# Assignment 4 - Average Reward Softmax Actor-Critic

Welcome to your Course 3 Programming Assignment 4. In this assignment, you will implement Average Reward Softmax Actor-Critic in the Pendulum Swing-Up problem that you have seen earlier in the lecture. Through this assignment you will get hands-on experience in implementing actor-critic methods on a continuing task.

In this assignment, you will:

1. Implement softmax actor-critic agent on a continuing task using the average reward formulation.
2. Understand how to parameterize the policy as a function to learn, in a discrete action environment.
3. Understand how to (approximately) sample the gradient of this objective to update the actor.
4. Understand how to update the critic using differential TD error.


## Pendulum Swing-Up Environment

In this assignment, we will be using a Pendulum environment, adapted from Santamaría et al. (1998).

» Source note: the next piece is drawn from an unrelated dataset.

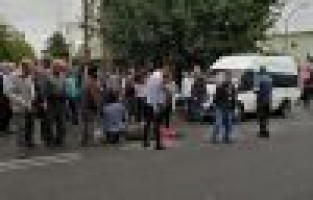 Yolcu minibüsü yayaya çarptı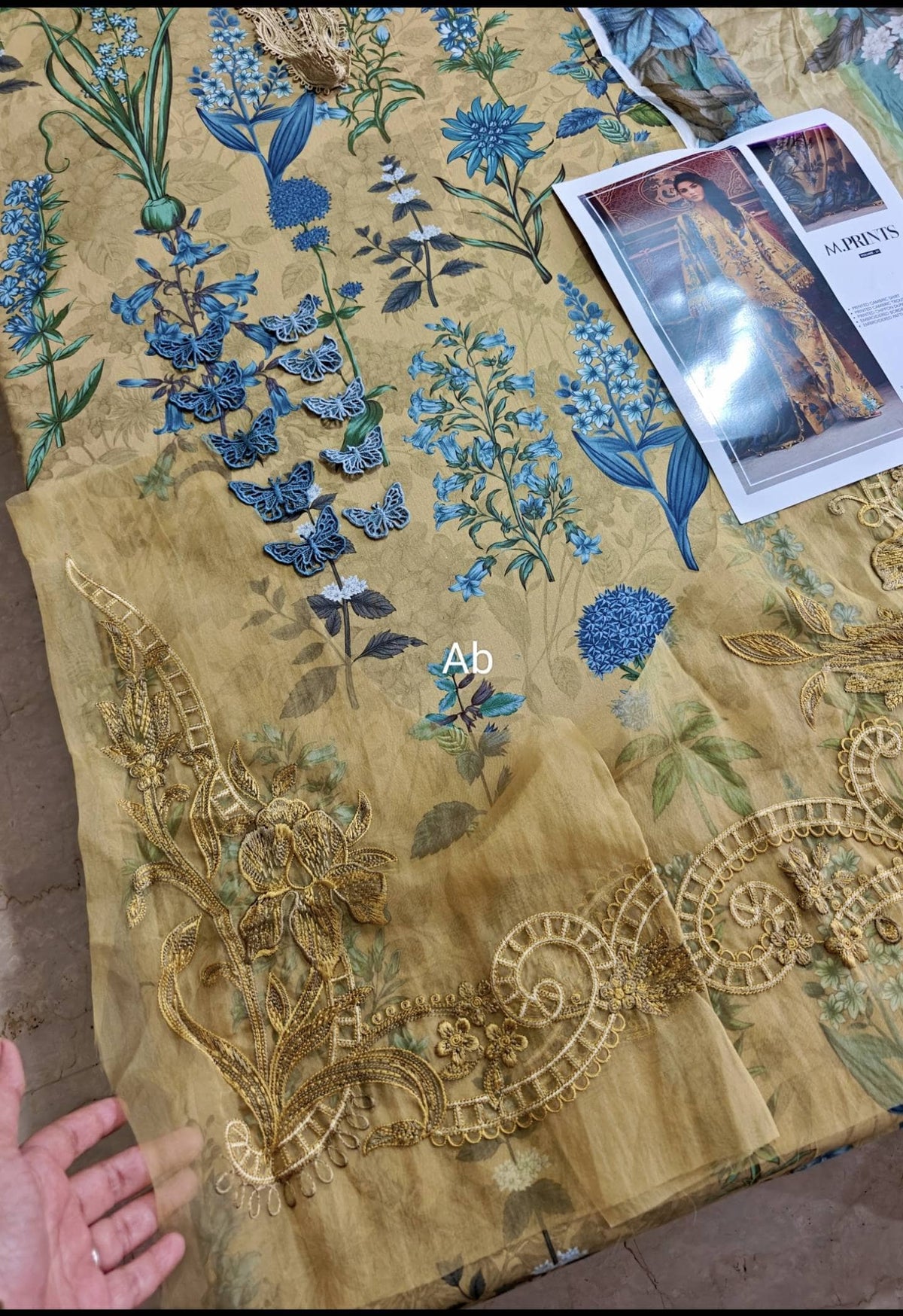 img_m_prints_awwal_boutique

This is also the same environment that we used in the lecture. The diagram below illustrates the environment.

The environment consists of single pendulum that can swing 360 degrees. The pendulum is actuated by applying a torque on its pivot point. The goal is to get the pendulum to balance up-right from its resting position (hanging down at the bottom with no velocity) and maintain it as long as possible. The pendulum can move freely, subject only to gravity and the action applied by the agent.

The state is 2-dimensional, which consists of the current angle $\beta \in [-\pi, \pi]$ (angle from the vertical upright position) and current angular velocity $\dot{\beta} \in (-2\pi, 2\pi)$. The angular velocity is constrained in order to avoid damaging the pendulum system. If the angular velocity reaches this limit during simulation, the pendulum is reset to the resting position.
The action is the angular acceleration, with discrete values $a \in \{-1, 0, 1\}$ applied to the pendulum.
For more details on environment dynamics you can refer to the original paper.

The goal is to swing-up the pendulum and maintain its upright angle. Hence, the reward is the negative absolute angle from the vertical position: $R_{t} = -|\beta_{t}|$

Furthermore, since the goal is to reach and maintain a vertical position, there are no terminations nor episodes. Thus this problem can be formulated as a continuing task.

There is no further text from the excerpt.